Again, Jesse was on the move—this time to Tokyo, where he completed a PhD in electrical engineering before working across Asia, in Japan and Singapore, designing product components for tech firms like Apple and IBM.
Japan was a high-tech engineering hub. Pre-iPhone, Japanese firms like Sony were leading the way. But, around the same time, Jesse’s attention was drawn to another big player in the East, enjoying its own technological revolution.
Lessons from China
In 2012, Jesse arrived in China for his MBA at CKGSB, knowing he’d return home to Indonesia after graduation. Since the late 1990s, the country had stabilized and was starting to follow China’s lead, transitioning into a center for manufacturing.
“I’d seen how China had developed. I wanted to get closer to China, learn some business in the process, and get some clues about how Indonesia might develop over the next decade or so,” Jesse explains.
“Another reason I chose CKGSB was because of its focus on entrepreneurship,” he continues. “I knew that working for multinational companies was not really my thing. In the back of my mind, I had the idea of starting my own business.”
At CKGSB, Jesse picked up the tools which would help him make an impact back home.
Then, quite unexpectedly, his career started sounding a different tune when, after his MBA, he teamed up with Henry, an old family friend.
Henry was building his own guitar effects pedals as a hobby and selling them on eBay. They were popular; people from all over the world were buying his products.
Jesse had very little knowledge of the market. He played the violin—“I wish I played the guitar; it’s a much cooler instrument!” he laughs. But, with his MBA behind him, he saw the potential.
“I thought this could be a business opportunity,” Jesse recalls. “I set up the business operations-side and, in the beginning, we sold about 30 units a month. Now, we sell at least 300.”
In just three years, Jesse helped transform an eBay seller profile into GFI Systems, a boutique guitar pedal company with five employees, five products, and global customers including Andertons Music Co., a big music store in the UK.
“What I learned from my MBA experience helped me jump-start the company,” he says. “I wouldn’t have been able to grow the company as fast as I did without it.”
“A few of my classmates introduced me to suppliers as well,” he continues. “At CKGSB, I learned about the dos and don’ts of business in China. When I went to visit companies in smaller, third-tier cities, I knew what to expect.”
Now, Jesse is living back in Jakarta as planned, developing his business from the home he grew up in. He’s competing in a crowded market, so finding an edge is essential.
His aim is to turn GFI Systems into a go-to company for musicians around the world, and help put Indonesia on the map.

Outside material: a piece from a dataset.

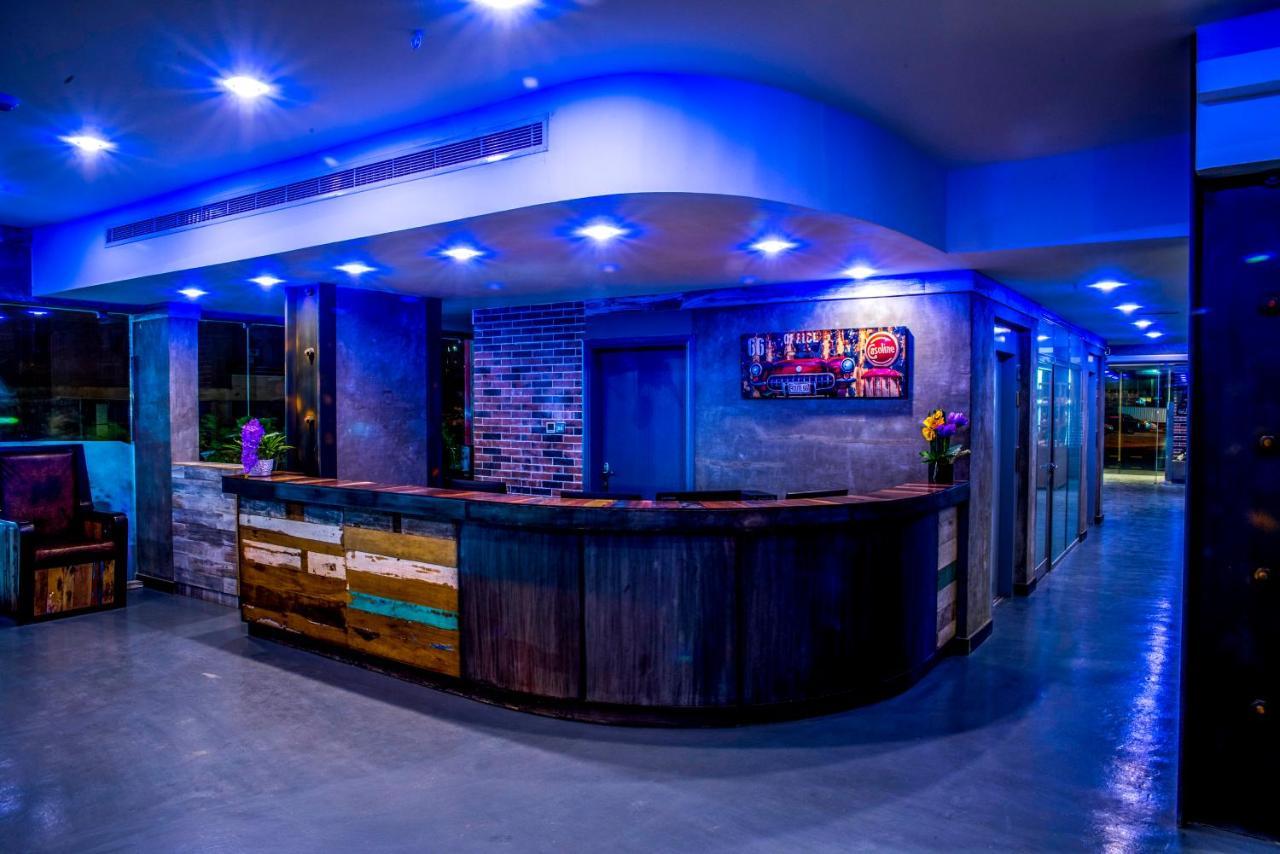 Flowery Holiday Suites Kuwait City Eksteriør billede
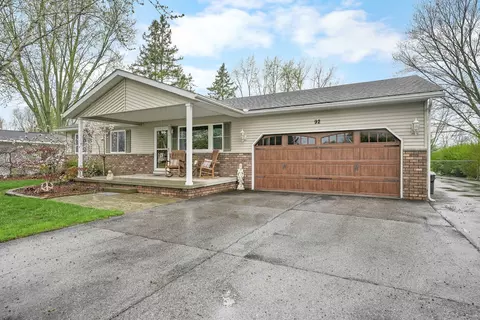 92 Michigan Ave, Marysville, MI 48040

“The challenge now is to scale up,” he says. “The manufacturing infrastructure in Indonesia is not as developed as it is in China. We have to import a lot of components, and importing to Indonesia is not easy—there are a lot of restrictions.”
Jesse teaches part-time at Jakarta’s Prasetiya Mulya Business School—the first to offer an MBA degree in Indonesia—alongside running his own business. In the future, Jesse wishes to promote knowledge-based exchanges between Indonesia and China in areas where both countries can mutually benefit each other.
Jesse is happy where he is right now. But he knows that to really grow his business, he’ll probably have to set up operations in China, where most of his product components come from. With an MBA from
CKGSB on board, he has the China knowledge to do just that.